Годы становления его личности пришлись на нацистскую оккупацию, что не могло не отразиться на его характере. В книге “Бардо, Денёв, Фонда” он писал о лицемерии политиков и коллаборационизме священников, свидетелем чему он был, а также о героях:
В шестнадцать лет я твердо решил взять от жизни всё самое лучшее. Удовольствия. Море, природу, спорт, “феррари”, друзей и приятелей, искусство, хмельные ночи, женскую красоту, презрительное, наплевательское отношение к общественному мнению. Свои идеи я перенес и на политику – я либерал и не выношу слов “фанатизм” и “нетерпимость”. Я верил в человека как личность, но потерял веру в человечество вообще.
В молодости он время от времени подрабатывал ассистентом режиссера (Марка Аллегре), но предпочитал не связывать себя постоянной работой. “Мы отвергали любую деятельность, из-за которой могли бы лишиться свободы…” – писал он в “Мемуарах дьявола”.
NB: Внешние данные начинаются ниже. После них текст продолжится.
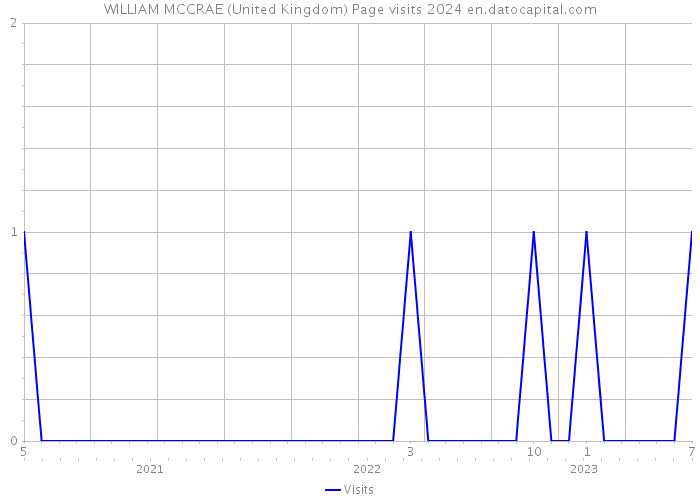 WILLIAM MCCRAE (United Kingdom) Page visits 2024 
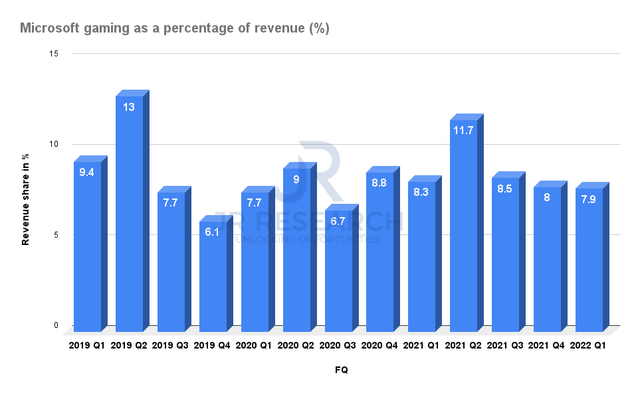Microsoft Gaming as a percentage of total revenue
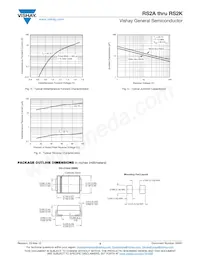 RS2G-M3/52T Datasheet Page 3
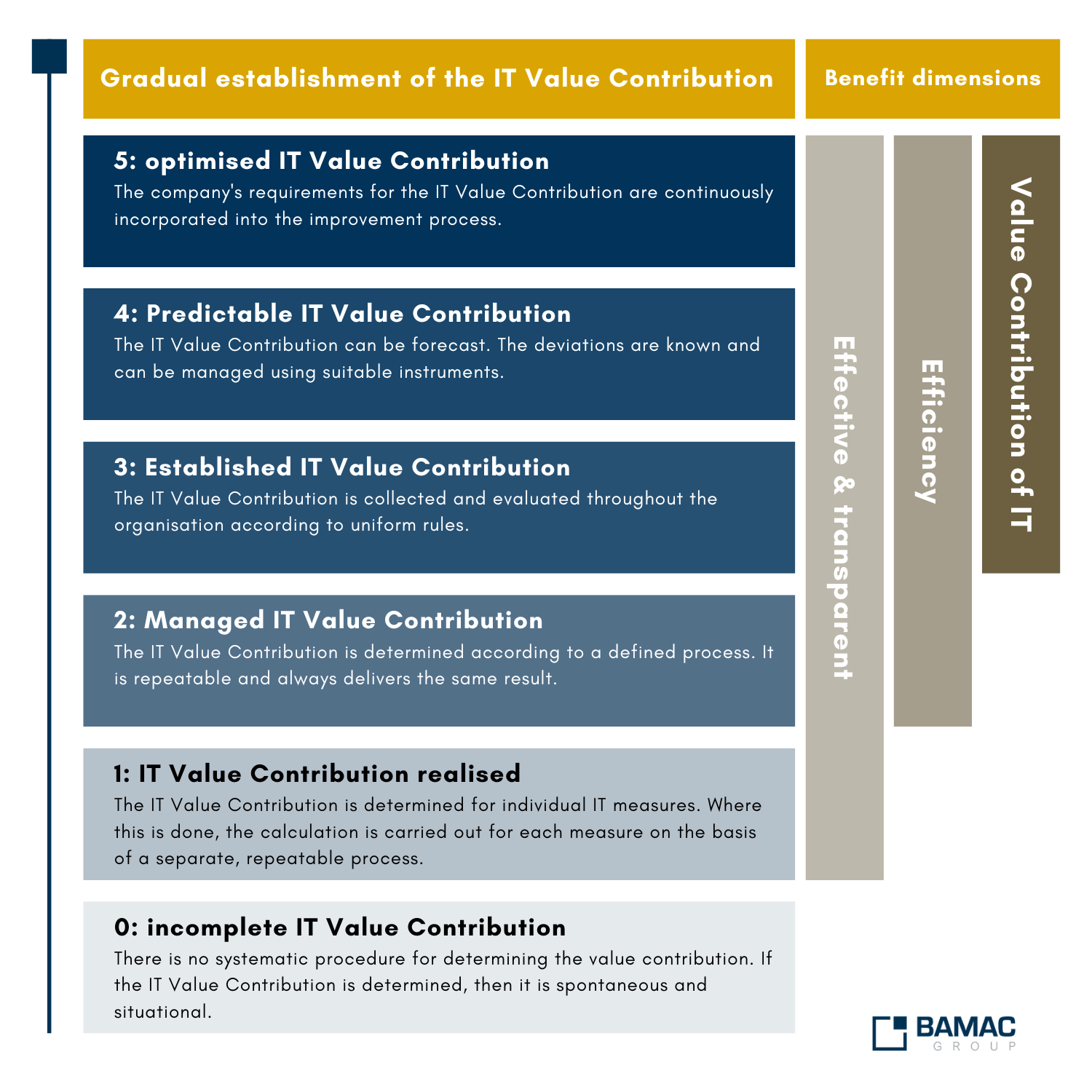 visual representation of the 5 stages of the IT Value Contribution Maturity Model by BAMAC Group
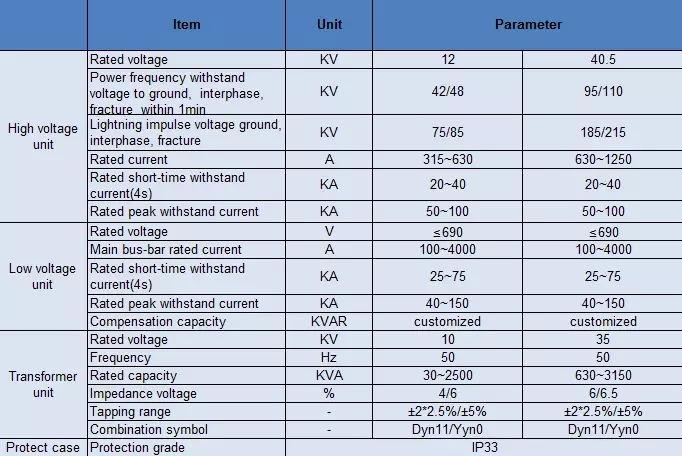 Compact Prefabricated Substation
Под свободой он тогда подразумевал свободную любовь, тусовки в Сен-Жермен-де-Пре в дружеской компании, куда входили Андре Жид, Жан Жене, Сальвадор Дали, Эдит Пиаф, Жан Кокто, Альбер Камю и Генри Миллер. Одно время он делил любовницу с Хемингуэем и читал вслух французской писательнице Колетт у нее дома на улице Божоле.
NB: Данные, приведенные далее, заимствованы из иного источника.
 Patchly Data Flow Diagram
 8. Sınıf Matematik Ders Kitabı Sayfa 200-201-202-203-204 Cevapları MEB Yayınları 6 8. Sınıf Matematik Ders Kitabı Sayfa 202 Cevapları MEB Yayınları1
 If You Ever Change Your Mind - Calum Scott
Вадим был верным и бескорыстным другом. Он, ни секунды не сомневаясь, готов был отдать все свои деньги, даже если самому пришлось бы потом туго. Он и женщину свою готов был отдать, если она не возражала.
После того как они с Брижит, его первой женой, разошлись, и у нее начался роман с Жаном-Луи Трентиньяном, ее партнером по фильму “И Бог создал женщину”, Вадим стоял под окнами их квартиры, мучаясь такой сильной ревностью, что едва не покончил с собой. Затем он оправился и поклялся, что больше не позволит “тайному демону [ревности] вновь овладеть моим телом и душой. Я выработал пожизненный иммунитет против этой заразы”. Однако он невольно выдает себя: “ Ты думаешь, что похоронил в себе что-то, но оно живо и тихо пожирает тебя. Терзает тебя. Ты просто не отдаешь себе в этом отчета”. Я вспоминаю, как больно было папе, когда он стоял под окнами Маргарет Саллаван, а она предавалась любви с Джедом Харрисом, и думаю, что Вадим был прав – вроде бы ты подавляешь в себе ярость и ревность, но эти чувства исподволь раздирают душу только сильнее оттого, что их не признаешь.
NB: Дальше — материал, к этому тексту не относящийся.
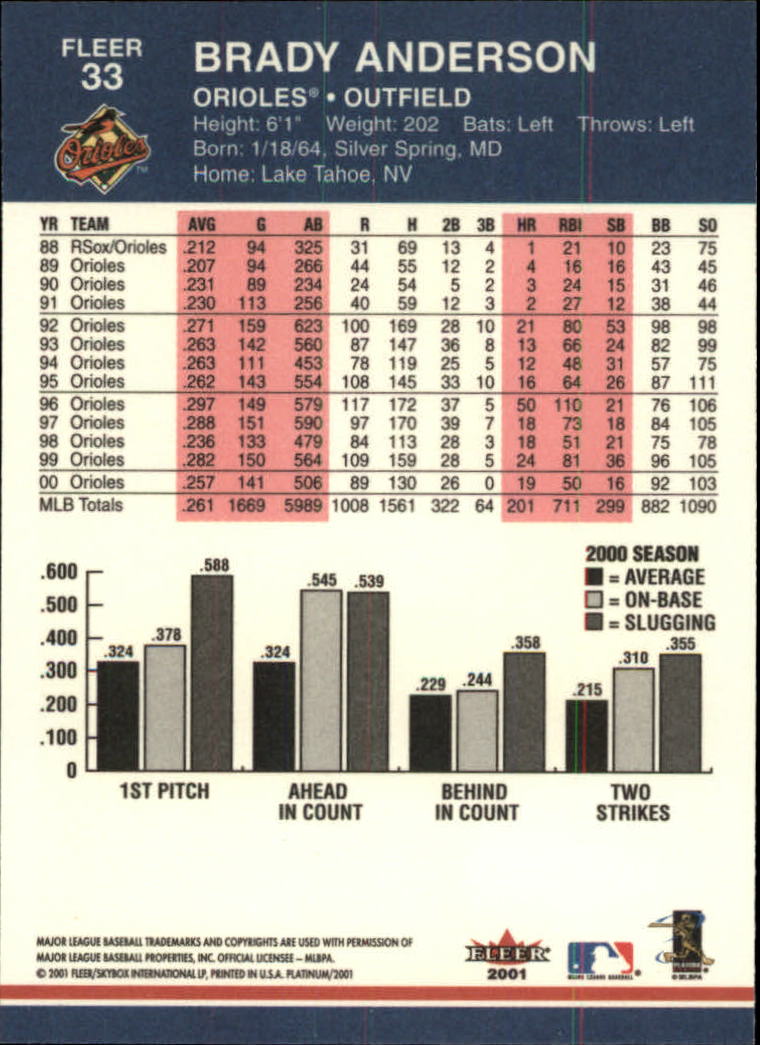 2001 Fleer Platinum Baseball Card Pick 1-250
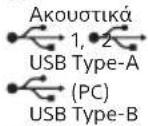 SONY INZONE M10S - Υποδοχές εισόδου/εξόδου - 1
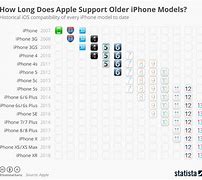 Image result for how long will apple support iphone 6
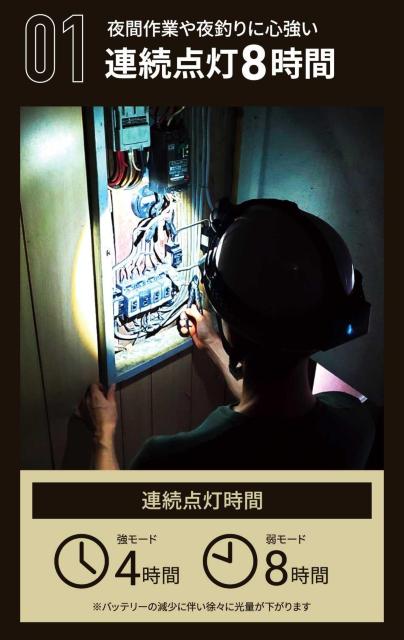 *5000[ LED wbhCg 8h_ ZT[ [d  W[/X|[c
Вадим презирал ревность, считал это чувство смешным, буржуазным, недостойным ни его самого, ни тех, кого он любил и с кем он дружил. Мне не раз хотелось, чтобы он приложил больше усилий к тому, чтобы спасти наш зашатавшийся брак, чуть больше волновался бы, даже приревновал бы меня к кому-нибудь. Но он вел себя почти пассивно, словно знал, что так было начертано судьбой, – я видела в такой позиции полное безразличие. В книге “Бардо, Денёв, Фонда” есть цитата из интервью Брижит Бардо, касающаяся их брака: “Если бы Вадим был ревнив, возможно, у нас получилось бы лучше”. Людям нужно быть желанными, и они хотят быть нужными.
Если бы я взялась описывать нашу семейную жизнь, Вадим предстал бы жестоким женоненавистником, безответственным проходимцем. С другой стороны, я охарактеризовала бы его как самого обаятельного, эмоционального, поэтичного и нежного человека. Обе версии были бы правдивы.